In Too Deep

by Flynncantation



Category: South Park
Genre: Addiction, Anxiety, Craig is enamoured, Depression, Drug Abuse, Heartache, M/M, Sexual Content, Tweek is a mess
Language: English
Status: In-Progress
Published: 2018-06-01
Updated: 2018-06-01
Packaged: 2019-05-16 20:04:35
Rating: Explicit
Warnings: Creator Chose Not To Use Archive Warnings
Chapters: 1
Words: 1,017
Publisher: archiveofourown.org
Story URL: https://archiveofourown.org/works/14817995
Author URL: https://archiveofourown.org/users/Flynncantation/pseuds/Flynncantation
Summary: Love can overcome many things, and Craig is going to make damn sure it’s going to overcome this fresh hell.





	In Too Deep

**Prologue**

An addict poisoned for the first six years until they need more and more and more to chase that dreaded, wonderful high is unlikely to come out the other side with all faculties intact.
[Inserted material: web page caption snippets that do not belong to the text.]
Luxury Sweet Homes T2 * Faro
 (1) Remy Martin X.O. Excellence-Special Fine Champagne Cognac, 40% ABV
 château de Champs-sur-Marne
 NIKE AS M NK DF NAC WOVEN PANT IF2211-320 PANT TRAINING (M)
And when that continues for another three years until at some point, something, or someone, snaps…?

Craig had had it. It was get help or get lost. Of course, Craig had never once meant that, no matter how many times he’d said it, which was perhaps part of the reason why Tweek had never quite managed to claw his way out the other side of a blissful illusion-soaked hell.
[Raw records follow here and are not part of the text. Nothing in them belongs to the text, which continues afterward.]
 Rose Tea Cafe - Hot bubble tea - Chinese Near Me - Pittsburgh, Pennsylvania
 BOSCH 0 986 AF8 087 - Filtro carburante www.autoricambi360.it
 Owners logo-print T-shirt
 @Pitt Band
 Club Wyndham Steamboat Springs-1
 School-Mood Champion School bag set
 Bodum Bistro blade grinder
Tweek tried to swap one defeating addiction for another. And to his credit, it wasn’t always an addiction he switched out that dirty habit for: meditation, mindfulness, long walks. At times he could make a week, draw on something in his gut telling him this monster is going to destroy him from the outside in, leech the life and soul from him until nothing of him is left but a dirty, crushing, all-consuming addiction.

At first it was Ket (the “dissociative anaesthetic - Tweek looked it up, briefly felt like more of a lowlife scummer for thinking that sounded cool). Before he knew it as Ketamine, he knew it as Special C, Cat Valium and other nonsensical names tossed around by back-alley dealers and the occasional high-schooler trying to play Big Boy.

For a while, it kinda worked out for him. Take a bump and get that hazy, floating sensation. But take too much? The Horrors, Tweek called it. Paranoia, anxiety, and uncontrollable, terrified tears.

He was taught the only way to come back up was coke. So, that came next. But then it was too many lines, and Tweek would sleep even less than usual, and the deafening thud of his heart inside his ribcage thundering like wild horse-hooves, well that sent him scrambling back for more of that nose-singeing K, just so he could sleep, for once just sleep.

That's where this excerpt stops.